* [EXERCISE DETAILS]
No pictures go in the copy. Restate, word for word, each line from the one containing "2021 Jeep JT Gladiator - Image 2 of 10" through the last line below.

* [DATASET SECTION]
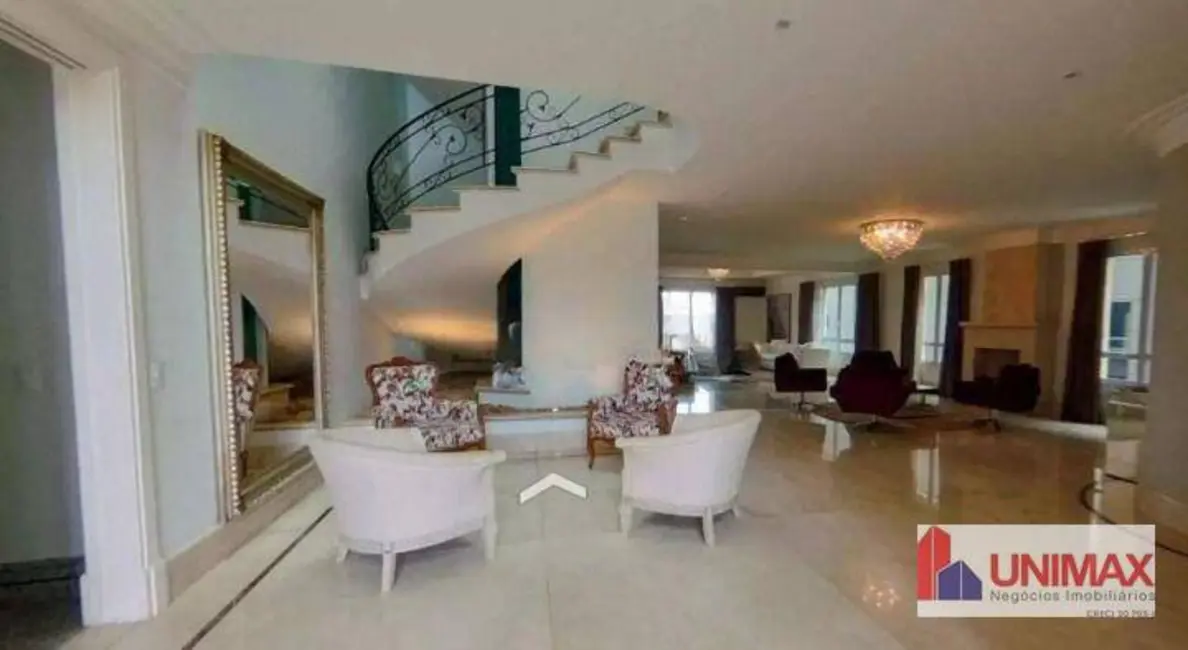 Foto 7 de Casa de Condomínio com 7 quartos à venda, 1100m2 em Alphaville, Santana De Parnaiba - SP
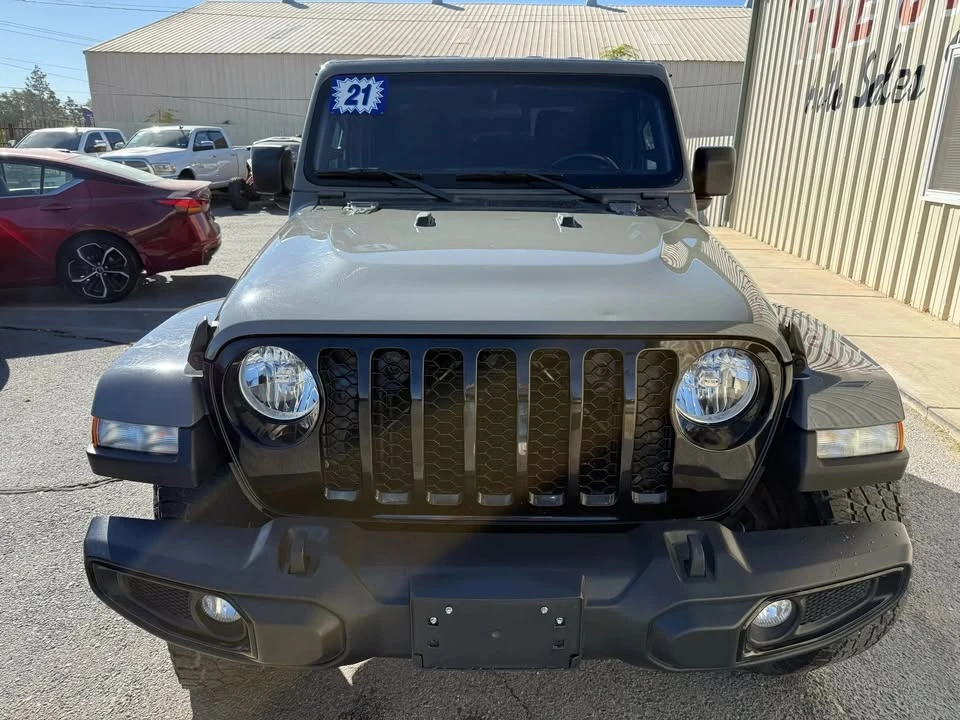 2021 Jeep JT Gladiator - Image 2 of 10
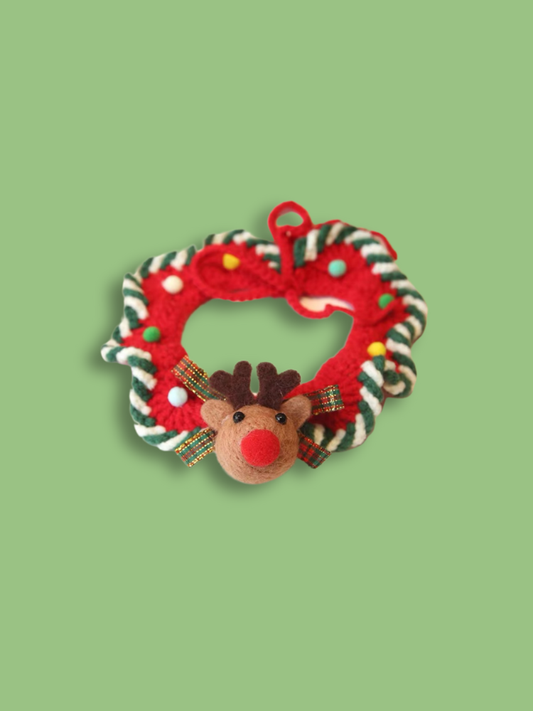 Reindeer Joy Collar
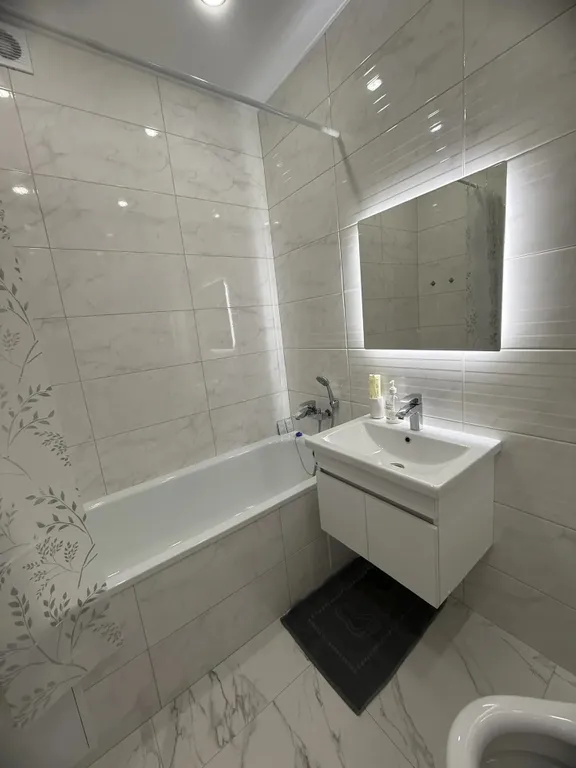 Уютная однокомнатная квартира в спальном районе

* [THE ANSWER]
 2021 Jeep JT Gladiator - Image 2 of 10
 Reindeer Joy Collar
 Уютная однокомнатная квартира в спальном районе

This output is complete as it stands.